_EXERCISE PROMPT_
The listing that follows should be copied in full and exactly, with no pictures.

_SUPPLIED MATERIAL_
________________________________________

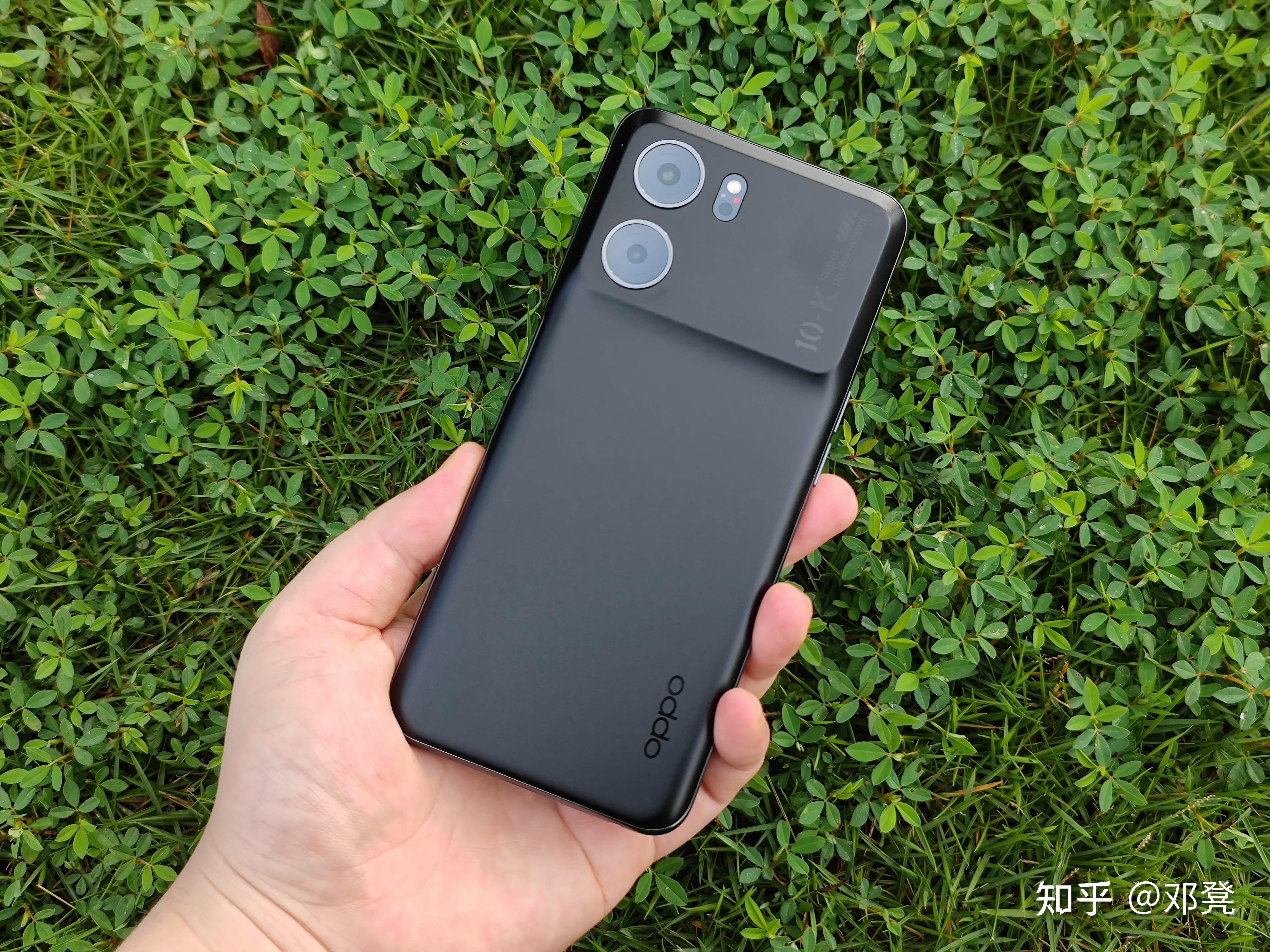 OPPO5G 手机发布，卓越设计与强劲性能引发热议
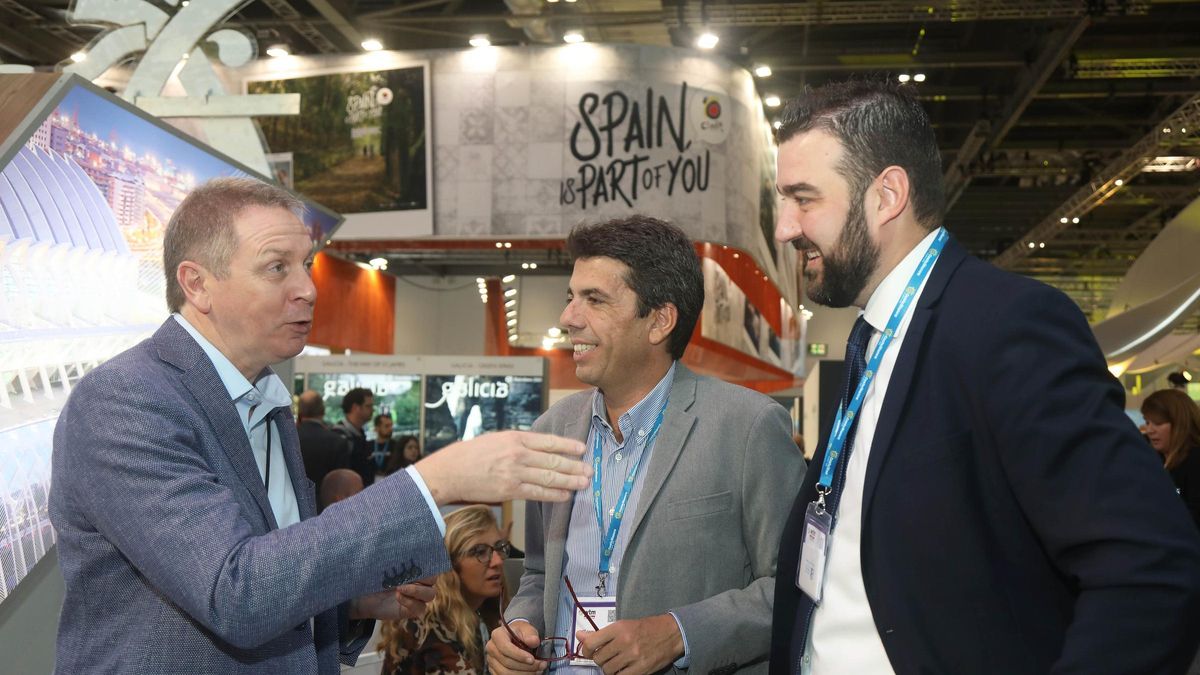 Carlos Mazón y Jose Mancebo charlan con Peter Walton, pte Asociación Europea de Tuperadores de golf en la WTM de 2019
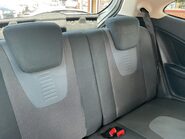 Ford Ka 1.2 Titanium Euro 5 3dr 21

________________________________________

_ANSWER SECTION_
 OPPO5G 手机发布，卓越设计与强劲性能引发热议
 Carlos Mazón y Jose Mancebo charlan con Peter Walton, pte Asociación Europea de Tuperadores de golf en la WTM de 2019
 Ford Ka 1.2 Titanium Euro 5 3dr 21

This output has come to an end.